Howdy All, a few Interesting Items for your information. Enjoy –
In this issue:
1. SCOTUS. A really strange opinion out of the SCOTUS last week was refusal to stay the NY vax mandate on religious grounds. The vote was 6-3, with Thomas, Alito and Gorsuch voting for the stay. So-called conservatives Barrett and Kavanaugh voted with the liberal block and Chief Justice Roberts. This opinion really shows the complete lack of will among those justices who pretend to be in the ideological middle to do anything to defend religious liberty currently under relentless attack by the political left. At issue was a recently issued medical regulation requiring all NY healthcare workers to receive the vax. There are medical exemptions, but none allowed for religious reasons. At least two of the vax use fetal cells and the religious exemptions come from the pro-lifers. When announced, Governor Cuomo promised a religious exemption. That changed as the regs were written and released. It appears that new NY Governor Hochul intentionally removed the exemption. She has made numerous comments depressing disbelief that doctors were really believers in their particular religion. She also announced that NY would change their unemployment insurance so that healthcare workers who failed to comply would not only be fired, but also be ineligible for unemployment insurance claims. Nice. Gorsuch’s opinion is well worth reading, as it takes his colleagues to task for once again refusing to provide relief to healthcare employees facing firing. The previous case was six weeks ago from Maine. He wondered:
But how many more reminders do we need that “the Constitution is not to be obeyed or disobeyed as the circumstances of a particular crisis … may suggest”? Downes v Bidwell, 182 US 244, 384 (1901) Harlan, J., dissenting).
For her part, NY Governor Hochul was positively giddy. And she should be, as she is sticking it to people she despises. I was interested in seeing if Cuomo’s replacement was going to be an improvement. Sadly, she seems to be worse, though apparently knows how to keep her hands to herself (so far). In a related story, it appears that every single request for a religious exemption by military members requesting a religious exemption from the vax mandate has been summarily denied, many via form letter. Pray for our military, as the leadership seems very good at following orders, regardless of how lawful those orders may be.
2. Newsom. Cali Governor Gavin (Hair Gel) Newsom thinks he has come up with a great response to firearms owners.

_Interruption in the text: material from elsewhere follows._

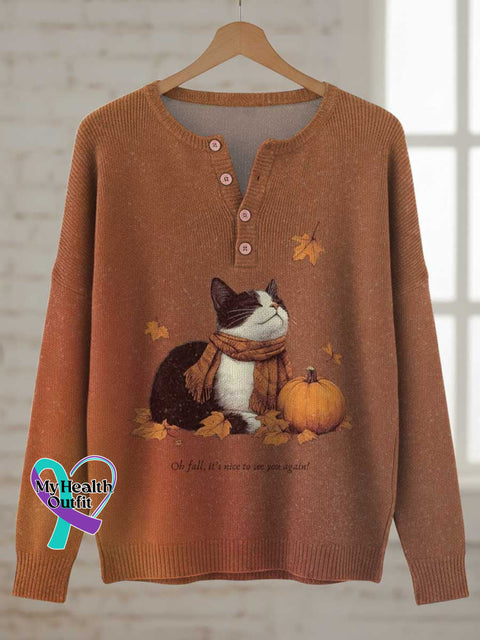 Oh Fall It’s Nice To See You Again! Cat Print Buttoned Cardigan Sweater Multicolor / S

His approach is legislation in Cali that will allow anyone who is injured by a firearm to sue both the vendor and the manufacturer in state court. This is essentially a variation of the Texas anti-abortion legislation making its way thru the SCOTUS. He was quite pleased with himself for coming up with the scheme, with state and national media chortling at his brilliance. Interestingly, Newsom has publicly blasted the Texas law as a vehicle to insulate its abortion laws from the courts. This little problem has not gone unnoticed by firearms groups, with at least one amicus brief filed against the Texas law warning about its application to firearms ownership and sales. Newsom has a problem though, as the Second Amendment clearly covers firearms. There is no similar amendment for abortion rights. Additionally, Texas is not banning abortions with their law. Also note that there is federal law that prohibits manufacturers and distributers of firearms from being sued in federal court, though there are a few states (Connecticut, Sandy Hook, for instance) that are attempting to take firearms dealers through the state and local court system in response to mass shootings.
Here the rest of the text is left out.